The authors provide a link to their implementation (https://github.com/SeanJia/GSL). In the readme they introduce the method with pseudo code and extensive explanations on code snippits. They also refer to a tutorial script. The code is well documented and the repository is small. No installation files/explanations.

### Data
_Given the data description in the documentation, how much effort take to either: Find the same dataset the authors used, or similar datasets and defend the comparability, or acquire one from scratch?_

[1]

(3/3)

The authors illustrate the environments in figure 3. They note the benchmarks used for the experiments with citation in 5.4 and explain them extensively. The authors refer to the public libraries used for implementation of these environments in their implementation docs.

### Configuration 
_Given the (hyper)parameters, including semantic parameters, of the method: How much effort would it take to acquire the algorithm configurations used for their results, and compare against their budgetary constraints?_

[3]

The authors summarise the hyperparameter values in appendix A per environment / method.

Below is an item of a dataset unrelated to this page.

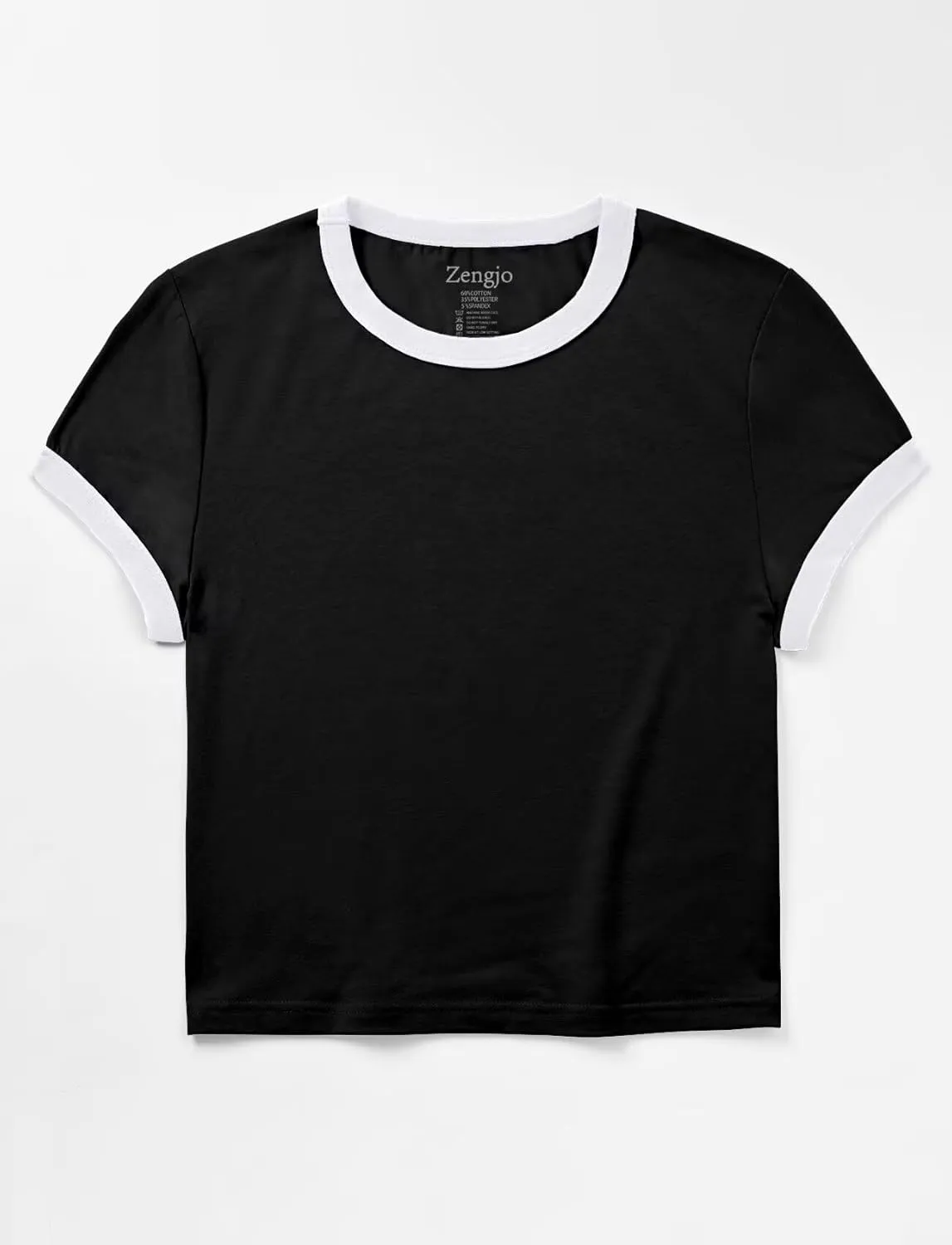 Zengjo Ringer Tee Women Crewneck Short Sleeve Plain Retro T-Shirt Crop Top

Their own hyper-parameter (plateau criteria H) 'require some hyper-parameter tuning' which they discuss in an ablation study and appendix B. Full clarity on hyper-parameter tuning is not given.

### Experimental Procedure
_Given the experimental set-up of the work, how difficult is it to set up a new experiment, similar to those presented in the original work, with the same procedure?_

[1]

The authors evaluate the method over raw episode rewards and report average with standard deviation over 5 or 3 runs. 

### Expertise
_How much effort would it take to acquire the expertise required to reproduce the work independently relying on the available documentation?_

[2]

Requires expertise in DRL and generalists/specialist agents.